How to complete this task:
After the line containing "Svart Begagnad 2022", write nothing more; before it, reproduce every line of the material below exactly, starting with the first.

Extracted data:
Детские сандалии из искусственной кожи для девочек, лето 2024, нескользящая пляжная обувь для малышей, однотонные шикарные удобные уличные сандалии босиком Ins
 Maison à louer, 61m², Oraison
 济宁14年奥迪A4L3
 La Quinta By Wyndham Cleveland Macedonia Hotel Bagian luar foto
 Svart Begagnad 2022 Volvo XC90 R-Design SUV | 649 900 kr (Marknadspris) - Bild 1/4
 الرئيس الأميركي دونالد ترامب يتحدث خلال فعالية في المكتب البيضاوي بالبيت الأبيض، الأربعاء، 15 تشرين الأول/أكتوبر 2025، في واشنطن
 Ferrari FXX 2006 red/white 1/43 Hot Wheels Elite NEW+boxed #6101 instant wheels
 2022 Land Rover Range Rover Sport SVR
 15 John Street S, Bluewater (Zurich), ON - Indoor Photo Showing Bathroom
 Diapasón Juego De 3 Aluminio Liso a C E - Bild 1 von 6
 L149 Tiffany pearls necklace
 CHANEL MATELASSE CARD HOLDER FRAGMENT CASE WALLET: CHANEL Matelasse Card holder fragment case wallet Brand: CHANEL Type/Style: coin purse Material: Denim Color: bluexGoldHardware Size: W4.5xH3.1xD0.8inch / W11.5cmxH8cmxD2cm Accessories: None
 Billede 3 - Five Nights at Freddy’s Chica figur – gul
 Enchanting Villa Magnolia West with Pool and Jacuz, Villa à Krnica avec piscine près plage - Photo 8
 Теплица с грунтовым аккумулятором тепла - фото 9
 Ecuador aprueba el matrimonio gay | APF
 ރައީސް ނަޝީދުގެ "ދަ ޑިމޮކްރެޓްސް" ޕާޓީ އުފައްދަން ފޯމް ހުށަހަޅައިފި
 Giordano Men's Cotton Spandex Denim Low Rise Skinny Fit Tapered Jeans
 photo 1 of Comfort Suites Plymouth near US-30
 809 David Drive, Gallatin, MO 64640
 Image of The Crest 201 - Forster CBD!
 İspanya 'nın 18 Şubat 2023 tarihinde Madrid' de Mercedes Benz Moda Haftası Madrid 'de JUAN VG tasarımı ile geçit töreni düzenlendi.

Result:
Детские сандалии из искусственной кожи для девочек, лето 2024, нескользящая пляжная обувь для малышей, однотонные шикарные удобные уличные сандалии босиком Ins
 Maison à louer, 61m², Oraison
 济宁14年奥迪A4L3
 La Quinta By Wyndham Cleveland Macedonia Hotel Bagian luar foto
 Svart Begagnad 2022 Volvo XC90 R-Design SUV | 649 900 kr (Marknadspris) - Bild 1/4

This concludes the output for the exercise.